▶ [Work task]
Each line below from the "WELLA INVIGO SCALP" line through the "Bild: 9783516011104 |" line, those two included, must be restated word for word; the pictures must not be.

▶ [Source material]
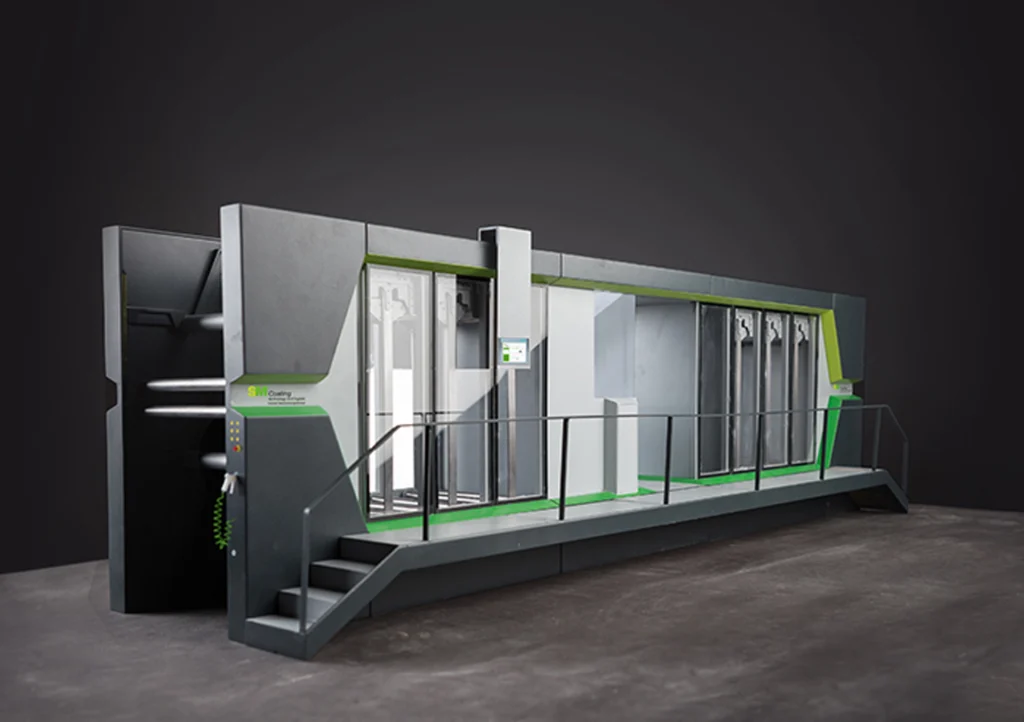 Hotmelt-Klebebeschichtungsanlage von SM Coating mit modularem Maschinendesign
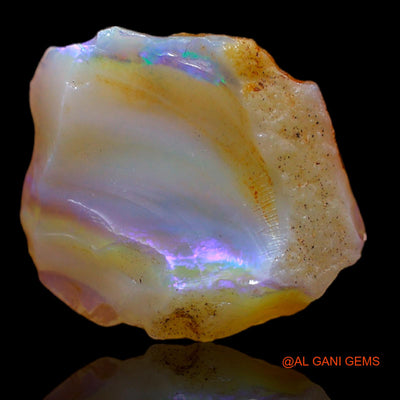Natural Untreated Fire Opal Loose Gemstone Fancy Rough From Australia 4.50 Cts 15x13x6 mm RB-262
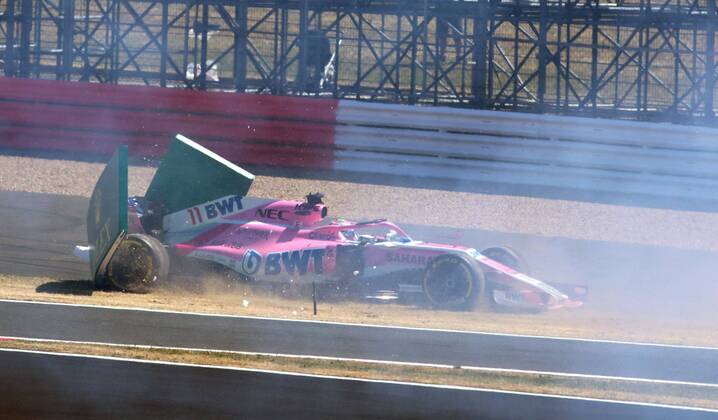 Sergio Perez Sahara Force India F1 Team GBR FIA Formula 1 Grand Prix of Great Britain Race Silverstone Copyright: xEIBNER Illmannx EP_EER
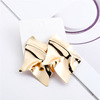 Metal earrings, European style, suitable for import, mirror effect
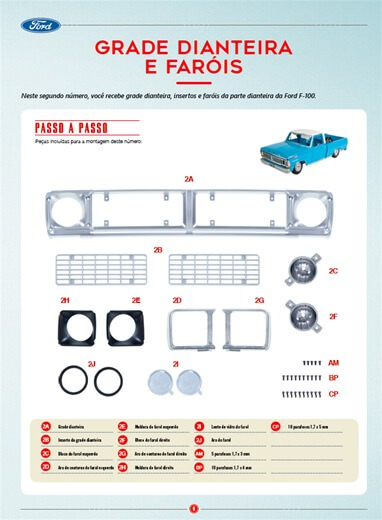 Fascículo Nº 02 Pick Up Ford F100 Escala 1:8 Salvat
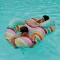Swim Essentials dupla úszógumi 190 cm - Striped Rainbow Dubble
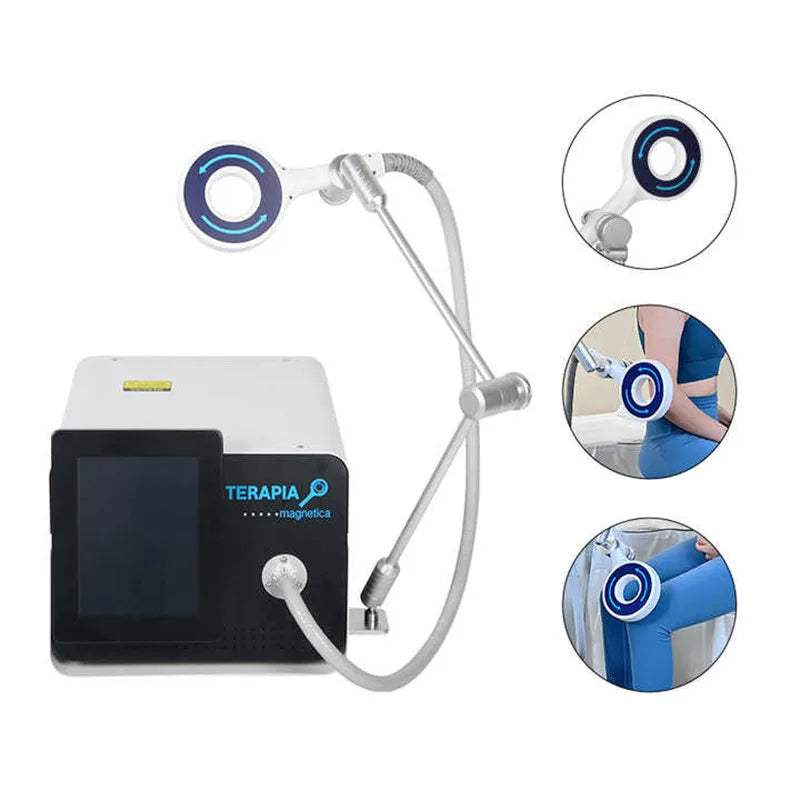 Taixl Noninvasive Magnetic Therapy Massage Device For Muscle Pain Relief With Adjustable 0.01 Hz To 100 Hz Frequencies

* * *

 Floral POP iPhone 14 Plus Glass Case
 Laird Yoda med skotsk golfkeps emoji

--

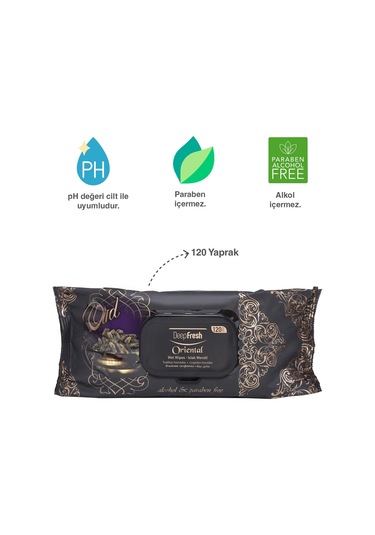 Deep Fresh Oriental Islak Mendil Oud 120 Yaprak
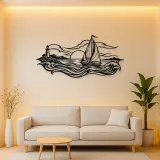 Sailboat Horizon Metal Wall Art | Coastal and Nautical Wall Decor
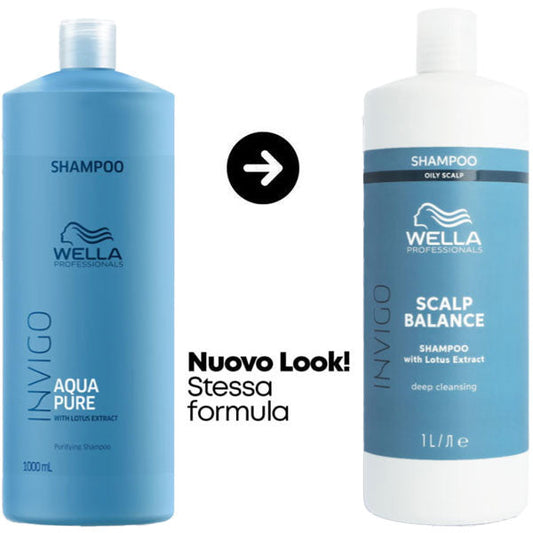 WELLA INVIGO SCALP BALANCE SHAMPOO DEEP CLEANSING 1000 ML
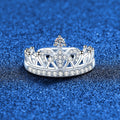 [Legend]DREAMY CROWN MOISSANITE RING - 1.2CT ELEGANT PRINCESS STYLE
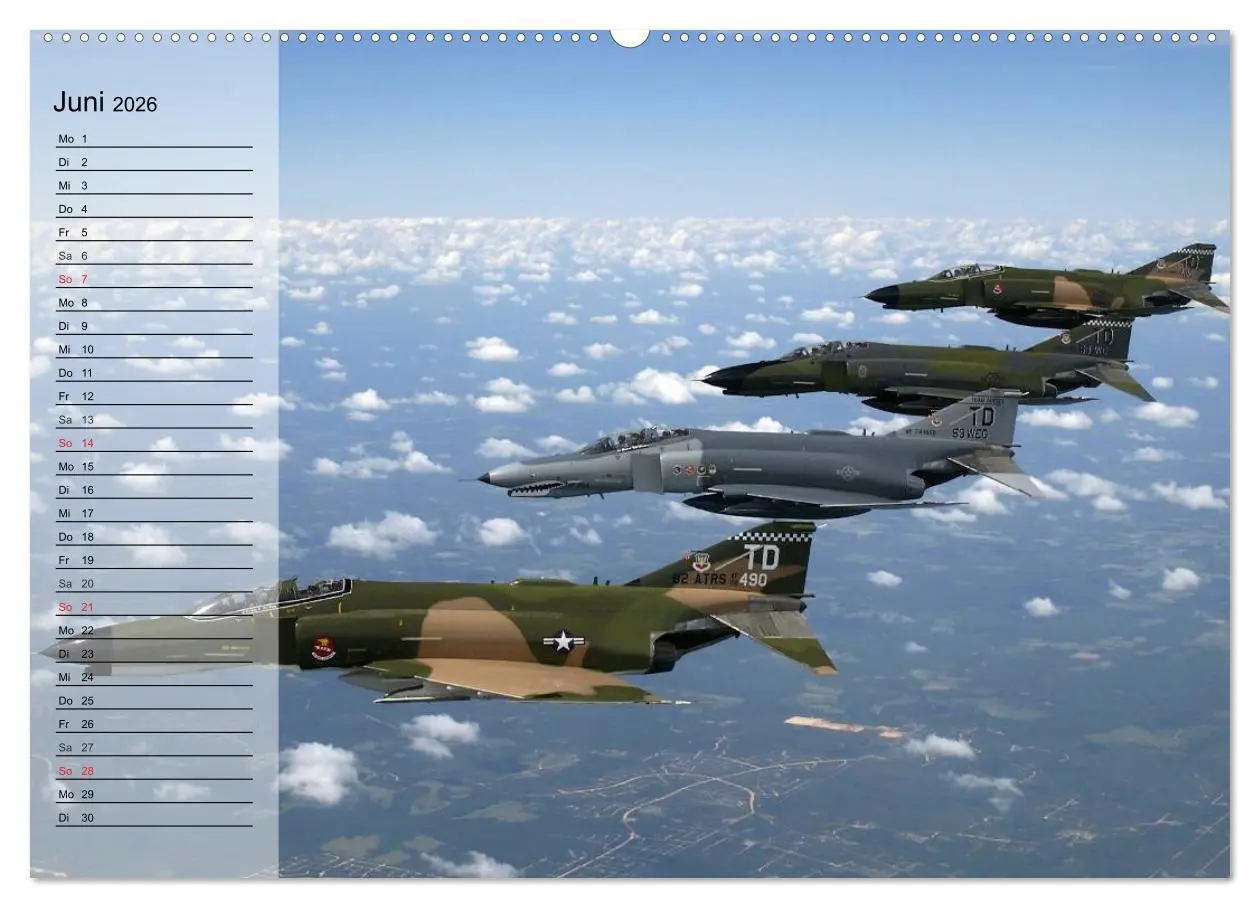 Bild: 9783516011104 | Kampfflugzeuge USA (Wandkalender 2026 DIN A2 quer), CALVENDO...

▶ [Reply to the exercise]
 WELLA INVIGO SCALP BALANCE SHAMPOO DEEP CLEANSING 1000 ML
 [Legend]DREAMY CROWN MOISSANITE RING - 1.2CT ELEGANT PRINCESS STYLE
 Bild: 9783516011104 | Kampfflugzeuge USA (Wandkalender 2026 DIN A2 quer), CALVENDO...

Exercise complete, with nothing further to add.